A family restored is not a family remade
What is it like to be one of those families whose child is abducted? What is it like to be one of those families whose child is miraculously restored to them? The Vincents, in Atlanta author Sheri Joseph’s unsettling novel Where You Can Find Me, know the answer to both questions. When he was 11, their son Caleb was abducted, then found three years later. He and his family—mother Marlene, dad Jeff and precocious little sister Lark—struggle to pick up the pieces after he returns.
But Caleb’s abduction and return only exacerbate what was already wrong with Marlene and Jeff’s marriage. Deeply flawed, neither Marlene nor Jeff can give their children what they need, at least not by themselves. Eventually, Marlene takes the kids from Georgia to her mother-in-law Hilda’s ramshackle hotel in the rainforest of Costa Rica, without Jeff. There, no one knows who Caleb is. There are no news vans on the street; no one points and stares. Hilda is distracted but loving, and her man-boy of a son Lowell becomes a buddy to Caleb and Lark.

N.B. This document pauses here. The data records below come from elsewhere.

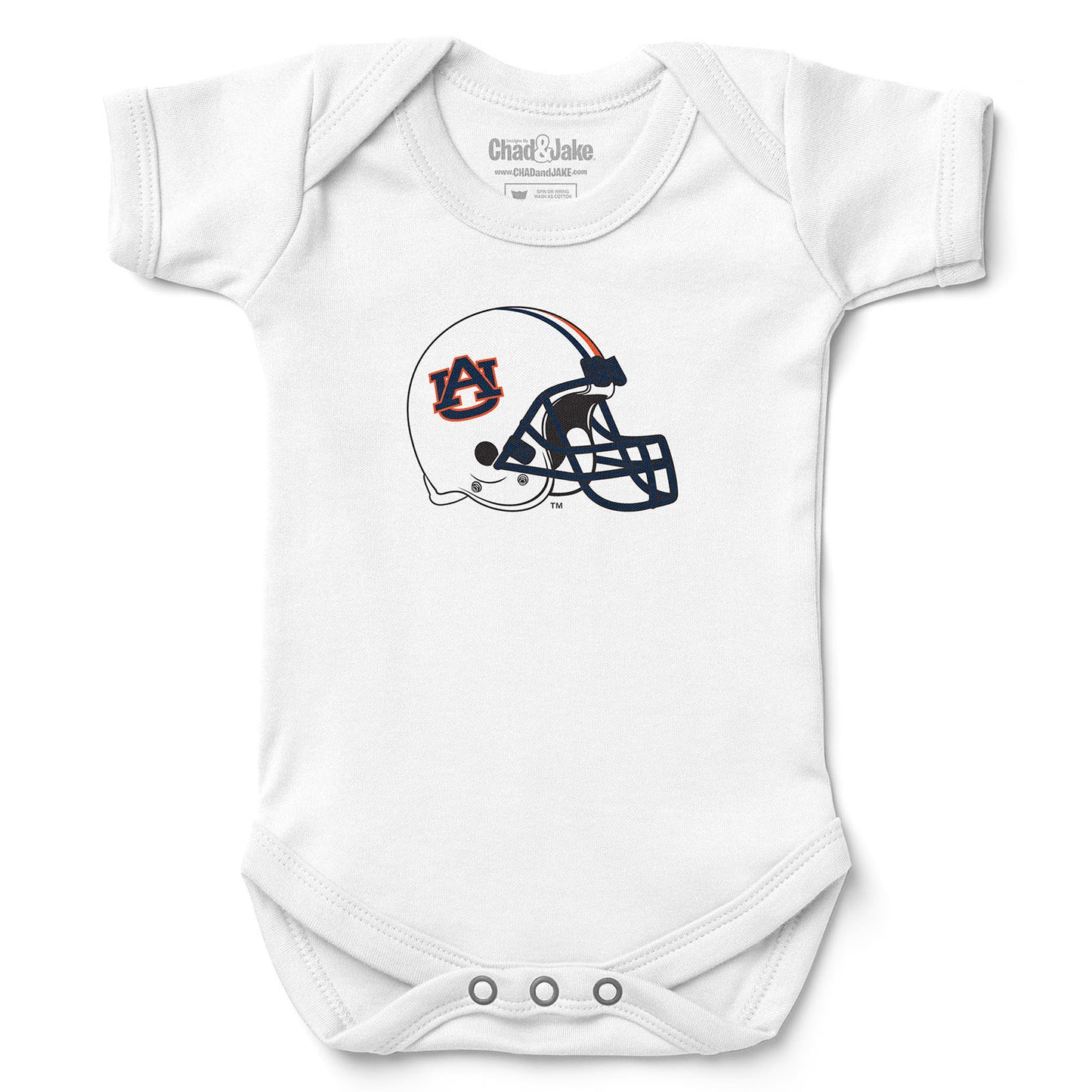 Newborn & Infant Chad & Jake White Auburn Tigers Helmet Logo Bodysuit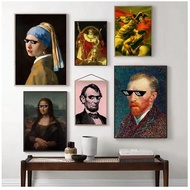 1pc Khung vui nhộn chân dung kính mát'sơn dầu Van Gogh cổ điển tường nghệ thuật áp phích Mona Lisa c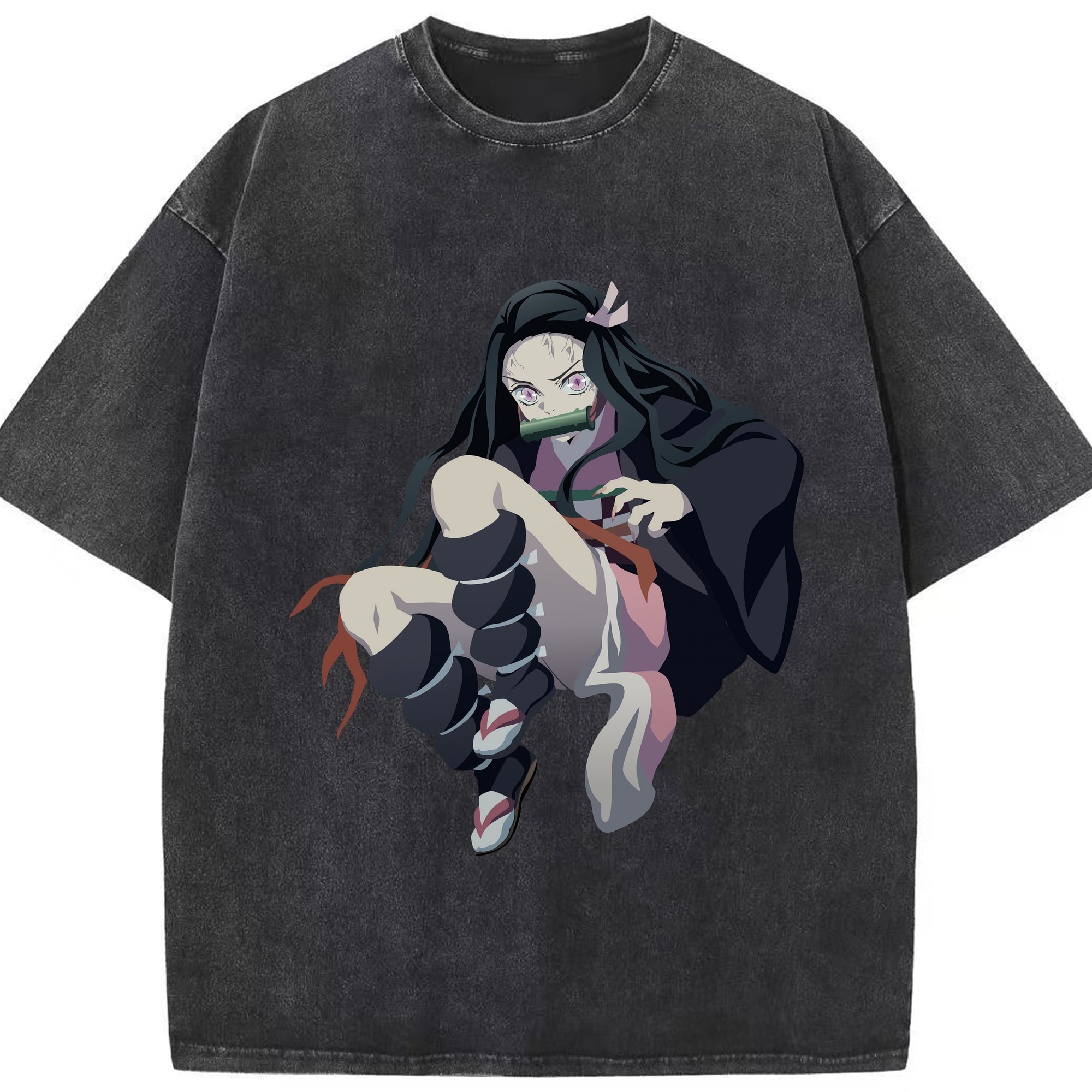 （画像用） 鬼滅の刃（きめつのやいば）竈門 禰󠄀豆子／かまど ねずこ Kamado Nezuko 綿100% ヴィンテージ風 半袖Tシャツ（フロントプリント）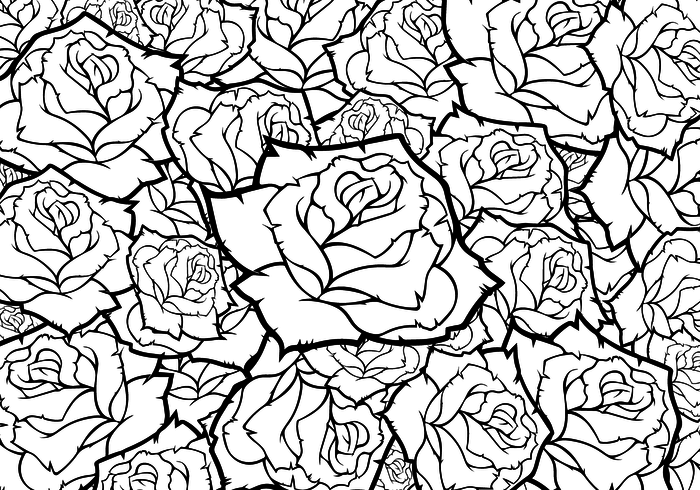 Rose Flower Vector Background Black And White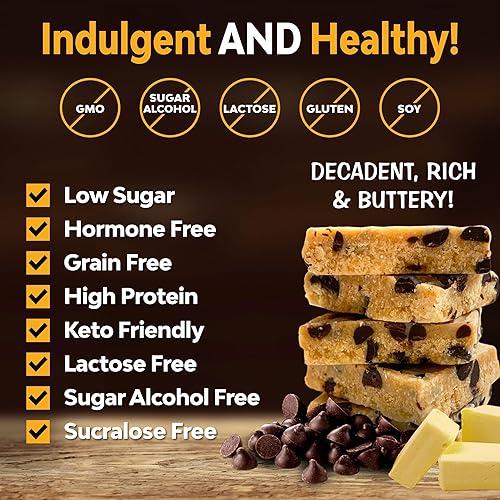 Miniatura 2 de MariGold Keto Fat Bombs - Masa de galletas con chispas de chocolate, baja en carbohidratos, rica en colágeno, ghee alimentado con pasto, mantequilla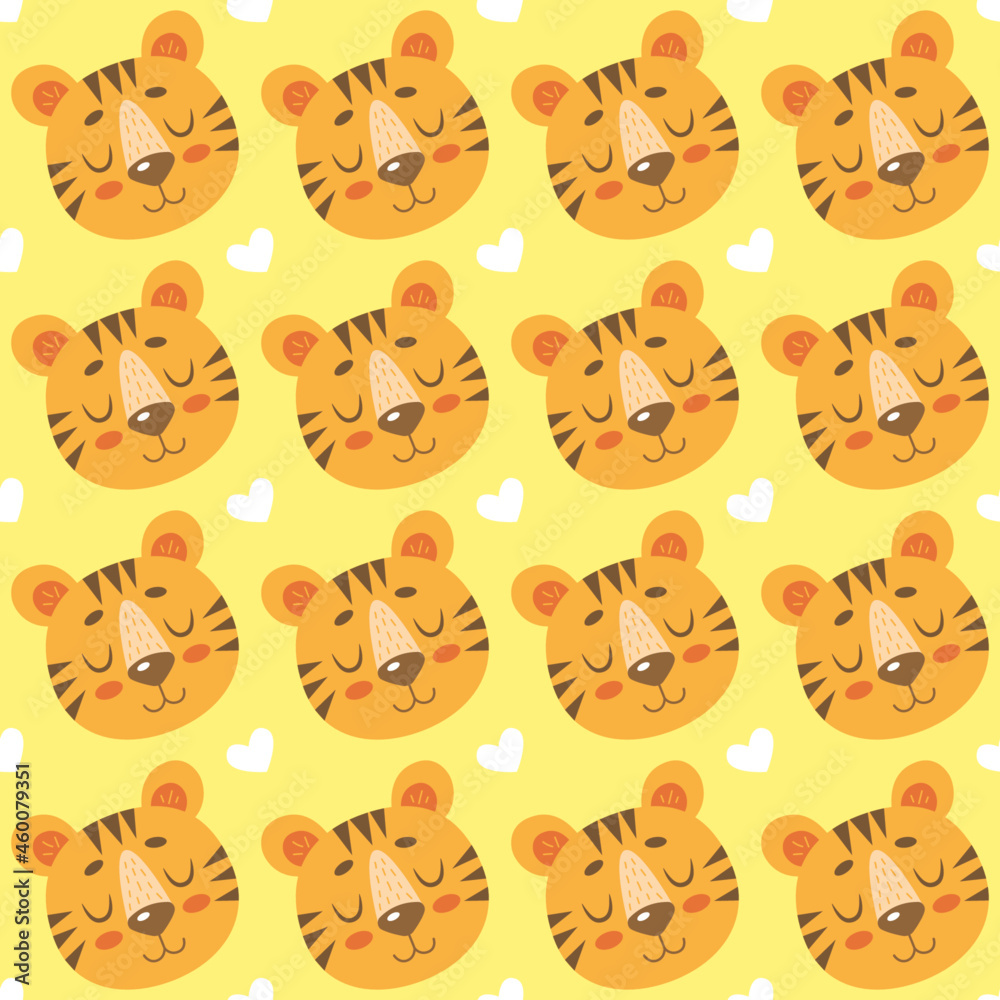 Seamless pattern with cute cartoon tigers and hearts isolated on yellow background Seamless pattern with cute cartoon tigers and hearts isolated on yellow background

All seems to be well, but one mark of a good writer is the ability to hint at the disquiet beneath what looks like a calm surface. Like Hilda’s old hotel, part of it fallen into the valley and the rest teetering on the edge of a cliff, the reader is kept in a state of almost nail-biting uncertainty when it comes to this family’s recovery. In Where You Can Find Me, Joseph takes on a difficult subject and makes it work.